Midlife Righteous

Yesterday, when I posed my midlife crisis question, I was scheduled to meet with That’s Not Chinese for dinner. Originally we planned to meet at her house. Due to Unfazed not feeling well, we changed the location to my house. “I know I’m your meat source, but I’m just going to grab a rotisserie chicken,” That’s Not Chinese advised. She says this because, although I’m not opposed to red meat, I don’t often eat it. She, on the other hand, would bathe in it if she could.

 

Being that she arrived at my house before I was home from work, she took her position on the stoop and, tempted by the delicious smells of the rotisserie chicken, opened the bag and started eating. She phoned me to advise me of the situation, “You aren’t here so I have no other choice than to eat this by hand. Your neighbors probably think I’m nuts. If I had a wine opener I would open this bottle of wine and start drinking.” “I doubt they think you’re nuts; I’m sure they know it to be a fact.
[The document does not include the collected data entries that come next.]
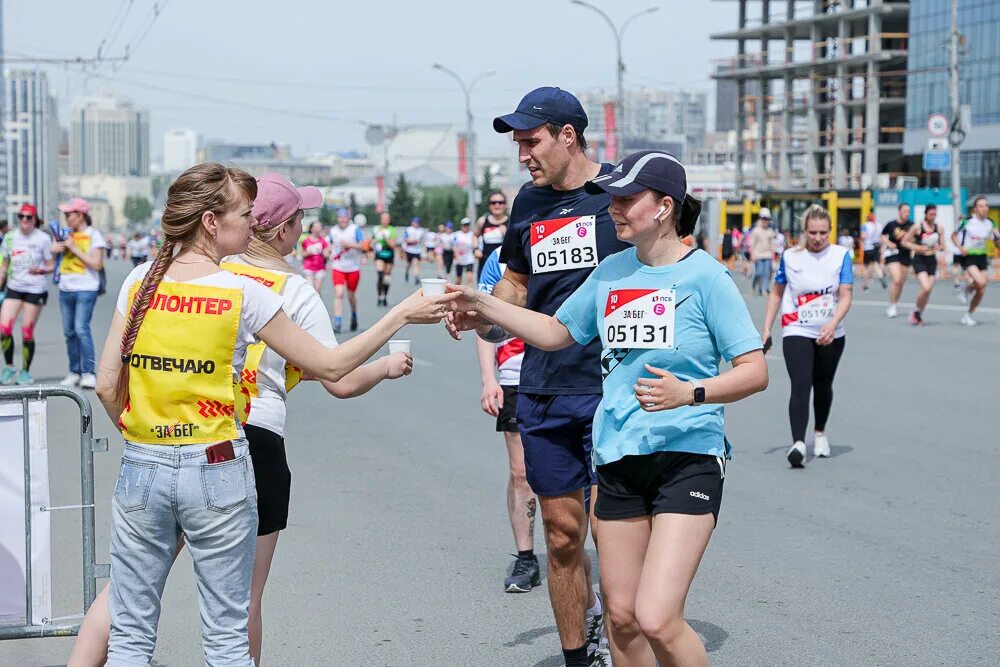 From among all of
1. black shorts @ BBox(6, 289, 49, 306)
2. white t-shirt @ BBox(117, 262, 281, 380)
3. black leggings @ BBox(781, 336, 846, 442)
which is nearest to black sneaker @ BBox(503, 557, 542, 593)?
white t-shirt @ BBox(117, 262, 281, 380)

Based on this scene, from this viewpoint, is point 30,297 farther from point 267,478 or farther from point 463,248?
point 463,248

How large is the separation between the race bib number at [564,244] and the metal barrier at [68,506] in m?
1.71

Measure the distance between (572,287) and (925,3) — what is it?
83.9 meters

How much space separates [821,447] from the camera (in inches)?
374

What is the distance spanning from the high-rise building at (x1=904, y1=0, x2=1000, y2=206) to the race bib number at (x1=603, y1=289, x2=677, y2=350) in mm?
75063

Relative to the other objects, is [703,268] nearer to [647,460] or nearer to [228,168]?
[647,460]

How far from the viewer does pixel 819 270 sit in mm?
9297


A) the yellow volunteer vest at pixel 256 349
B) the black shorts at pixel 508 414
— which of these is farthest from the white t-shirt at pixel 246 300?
the black shorts at pixel 508 414

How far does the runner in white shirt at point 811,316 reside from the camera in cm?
915

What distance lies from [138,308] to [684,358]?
5.12 feet

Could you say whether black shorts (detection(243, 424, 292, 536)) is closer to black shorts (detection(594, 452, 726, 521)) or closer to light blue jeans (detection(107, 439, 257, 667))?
light blue jeans (detection(107, 439, 257, 667))

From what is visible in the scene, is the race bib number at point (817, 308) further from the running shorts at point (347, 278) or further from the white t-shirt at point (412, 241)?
the white t-shirt at point (412, 241)

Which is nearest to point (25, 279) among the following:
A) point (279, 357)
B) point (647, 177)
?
point (279, 357)

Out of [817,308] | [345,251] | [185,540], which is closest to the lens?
[185,540] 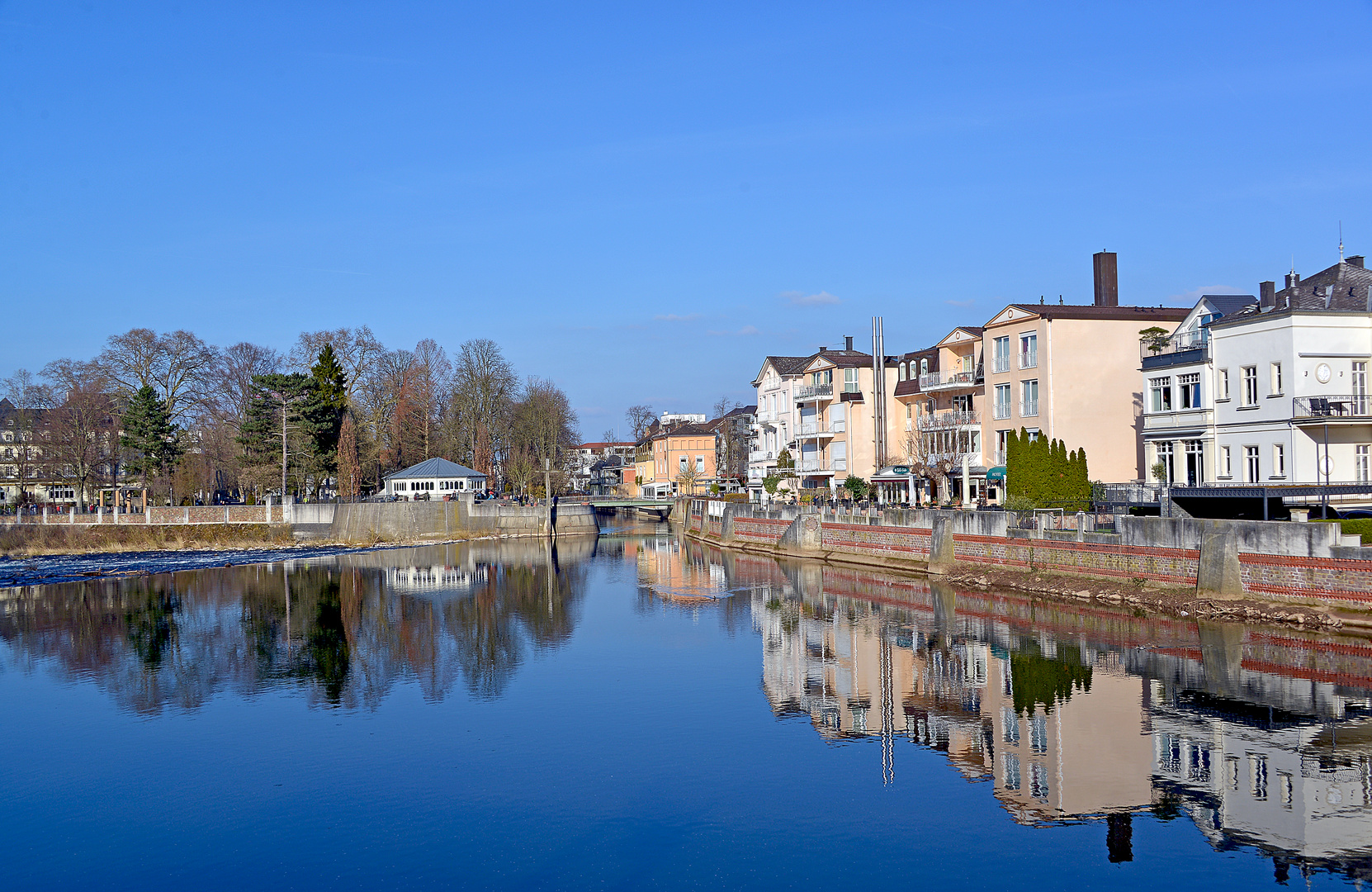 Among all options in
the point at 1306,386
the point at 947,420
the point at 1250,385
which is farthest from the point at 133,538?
the point at 1306,386

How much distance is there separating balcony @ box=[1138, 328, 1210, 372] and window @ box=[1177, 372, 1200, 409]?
0.60 meters

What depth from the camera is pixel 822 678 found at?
26.1 m

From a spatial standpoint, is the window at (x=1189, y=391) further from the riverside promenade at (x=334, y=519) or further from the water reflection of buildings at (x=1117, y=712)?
the riverside promenade at (x=334, y=519)

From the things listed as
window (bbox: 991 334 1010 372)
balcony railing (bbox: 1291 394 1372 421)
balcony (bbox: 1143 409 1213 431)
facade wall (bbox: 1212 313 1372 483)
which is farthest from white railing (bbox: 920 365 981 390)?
balcony railing (bbox: 1291 394 1372 421)

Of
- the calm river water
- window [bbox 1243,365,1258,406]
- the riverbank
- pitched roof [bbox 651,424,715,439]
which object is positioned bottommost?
the calm river water

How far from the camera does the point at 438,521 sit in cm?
8106

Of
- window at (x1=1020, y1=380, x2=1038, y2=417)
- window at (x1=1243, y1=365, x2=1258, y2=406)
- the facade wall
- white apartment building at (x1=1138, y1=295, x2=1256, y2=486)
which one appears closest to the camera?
the facade wall

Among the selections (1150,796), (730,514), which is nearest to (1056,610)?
(1150,796)

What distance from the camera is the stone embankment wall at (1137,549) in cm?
2609

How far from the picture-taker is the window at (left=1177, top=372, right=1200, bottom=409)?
4019cm

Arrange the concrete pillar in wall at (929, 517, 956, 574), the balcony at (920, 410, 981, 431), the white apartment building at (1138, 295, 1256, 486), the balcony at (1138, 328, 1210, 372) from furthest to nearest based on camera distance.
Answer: the balcony at (920, 410, 981, 431) → the concrete pillar in wall at (929, 517, 956, 574) → the balcony at (1138, 328, 1210, 372) → the white apartment building at (1138, 295, 1256, 486)

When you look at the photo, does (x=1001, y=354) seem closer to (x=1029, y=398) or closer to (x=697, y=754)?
(x=1029, y=398)

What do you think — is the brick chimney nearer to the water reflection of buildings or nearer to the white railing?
the white railing

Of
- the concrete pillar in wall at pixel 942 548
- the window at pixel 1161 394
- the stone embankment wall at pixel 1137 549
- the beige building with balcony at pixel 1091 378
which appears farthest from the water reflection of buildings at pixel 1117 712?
the beige building with balcony at pixel 1091 378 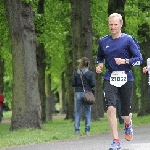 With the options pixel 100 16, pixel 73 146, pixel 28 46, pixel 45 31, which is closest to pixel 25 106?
pixel 28 46

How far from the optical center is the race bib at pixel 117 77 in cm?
956

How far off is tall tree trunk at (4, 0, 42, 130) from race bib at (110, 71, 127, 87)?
7753 millimetres

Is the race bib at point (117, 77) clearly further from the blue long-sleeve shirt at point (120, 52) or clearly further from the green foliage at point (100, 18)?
the green foliage at point (100, 18)

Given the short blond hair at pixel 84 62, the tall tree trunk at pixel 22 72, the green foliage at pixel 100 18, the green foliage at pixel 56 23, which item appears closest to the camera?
the short blond hair at pixel 84 62

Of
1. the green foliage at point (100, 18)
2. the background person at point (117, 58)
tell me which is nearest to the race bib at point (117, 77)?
the background person at point (117, 58)

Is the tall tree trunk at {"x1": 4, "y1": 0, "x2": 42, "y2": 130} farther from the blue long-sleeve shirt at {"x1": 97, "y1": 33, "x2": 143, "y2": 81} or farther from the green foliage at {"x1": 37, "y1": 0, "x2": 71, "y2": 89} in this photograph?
the green foliage at {"x1": 37, "y1": 0, "x2": 71, "y2": 89}

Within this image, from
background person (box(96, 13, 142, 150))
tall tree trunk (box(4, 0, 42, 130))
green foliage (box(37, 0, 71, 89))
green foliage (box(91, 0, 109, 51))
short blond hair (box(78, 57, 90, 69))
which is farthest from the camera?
green foliage (box(91, 0, 109, 51))

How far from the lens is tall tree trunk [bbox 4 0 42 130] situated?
56.0 ft

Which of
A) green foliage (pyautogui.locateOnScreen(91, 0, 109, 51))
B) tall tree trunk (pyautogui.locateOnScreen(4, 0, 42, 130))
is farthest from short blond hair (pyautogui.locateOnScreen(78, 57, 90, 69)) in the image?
green foliage (pyautogui.locateOnScreen(91, 0, 109, 51))

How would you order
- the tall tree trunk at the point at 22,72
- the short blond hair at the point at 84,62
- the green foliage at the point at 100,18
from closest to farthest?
the short blond hair at the point at 84,62
the tall tree trunk at the point at 22,72
the green foliage at the point at 100,18

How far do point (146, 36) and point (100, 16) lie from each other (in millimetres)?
2725

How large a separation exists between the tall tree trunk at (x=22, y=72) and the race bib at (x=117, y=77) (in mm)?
7753

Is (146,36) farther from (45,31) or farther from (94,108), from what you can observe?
(94,108)

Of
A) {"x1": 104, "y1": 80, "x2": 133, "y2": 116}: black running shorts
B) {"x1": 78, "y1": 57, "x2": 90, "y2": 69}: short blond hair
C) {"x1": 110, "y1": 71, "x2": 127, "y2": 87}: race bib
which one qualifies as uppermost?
{"x1": 78, "y1": 57, "x2": 90, "y2": 69}: short blond hair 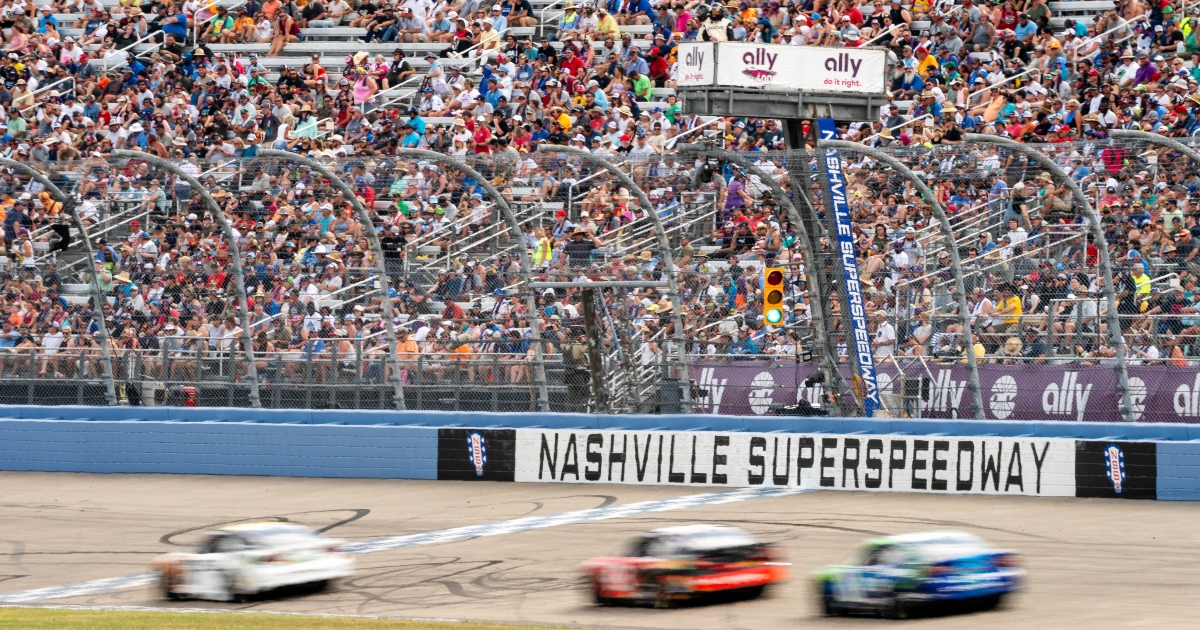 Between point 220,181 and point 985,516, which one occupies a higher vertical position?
point 220,181

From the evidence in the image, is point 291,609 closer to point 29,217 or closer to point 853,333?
point 853,333

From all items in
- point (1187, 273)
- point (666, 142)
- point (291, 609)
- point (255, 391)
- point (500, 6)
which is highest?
point (500, 6)

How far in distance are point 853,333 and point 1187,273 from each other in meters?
3.36

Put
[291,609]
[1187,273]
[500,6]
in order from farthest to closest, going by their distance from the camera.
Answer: [500,6] < [1187,273] < [291,609]

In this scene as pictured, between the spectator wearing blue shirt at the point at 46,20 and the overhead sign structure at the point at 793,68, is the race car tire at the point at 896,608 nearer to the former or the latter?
the overhead sign structure at the point at 793,68

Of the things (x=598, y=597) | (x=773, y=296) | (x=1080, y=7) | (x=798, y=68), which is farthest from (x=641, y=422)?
(x=1080, y=7)

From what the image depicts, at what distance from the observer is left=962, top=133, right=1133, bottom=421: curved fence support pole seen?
1642 cm

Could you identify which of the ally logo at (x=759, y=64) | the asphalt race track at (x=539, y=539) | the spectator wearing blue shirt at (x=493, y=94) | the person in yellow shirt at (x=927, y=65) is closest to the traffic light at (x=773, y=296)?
the asphalt race track at (x=539, y=539)

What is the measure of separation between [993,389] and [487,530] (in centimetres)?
508

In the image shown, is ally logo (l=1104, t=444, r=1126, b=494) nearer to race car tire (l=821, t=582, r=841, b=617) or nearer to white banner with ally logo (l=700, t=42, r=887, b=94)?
white banner with ally logo (l=700, t=42, r=887, b=94)

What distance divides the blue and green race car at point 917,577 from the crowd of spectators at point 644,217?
555cm

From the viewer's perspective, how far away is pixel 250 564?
13031 mm

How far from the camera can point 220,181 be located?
19781 millimetres

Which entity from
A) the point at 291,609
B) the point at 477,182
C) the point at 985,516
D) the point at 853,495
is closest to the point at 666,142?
the point at 477,182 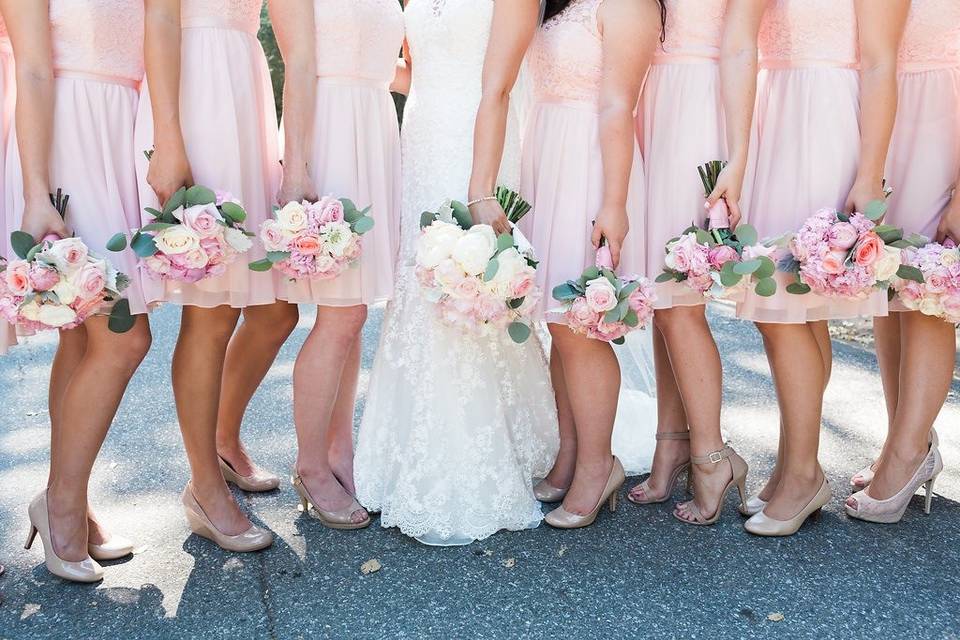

Corkscrew, it’s called a corkscrew. You should go knock on doors and see if any of my neighbors have one you can borrow,” I replied. “Oh, look who has come to visit, it’s Nora,” That’s Not Chinese, omnivore and lover of cats and shiny objects, stated.

 

By the time I got home Nora had retreated to her on stoop and That’s Not Chinese was extending her hand to me – not to shake my hand or welcome me home, rather, to alert me of her midlife crisis. “Look at this! We have got to take care of this,” she said, all the while shaking her right hand in my direction. “What is it?” I asked. “Fur. It’s fur. I had been petting Nora with my left hand and eating chicken out of the bag with my right when I thought I would be kind and share some chicken with her. I put a piece in my right hand thinking she would eat it, which she did, but she then rubbed her body all over my hand. Now it’s greasy and furry and I can’t eat any more chicken until it’s clean. I’ve been sitting like this for at least five minutes. It’s horrible. We’ve got to get in the house and clean this off quick!”

 

Fortunately, we were able to remedy this situation with a little soap and water and all was good until a few hours later when That’s Not Chinese was cleaning up and accidentally flicked a large piece of chicken into my (full) wine glass. It was at this point that she almost peed her pants; if it weren’t for Kegels we would have had another midlife crisis on our hands and, more importantly, in her pants. Unfortunately, my midlife crisis could not be diverted. Although wine and chicken are generally a good pairing, they don’t make for a good sangria. Alas, I had to throw out the red wine in my glass. Doing so kind of made me want to replace it with a red convertible – luckily, I exercised self control and, instead, just poured myself another glass. Midlife righteous.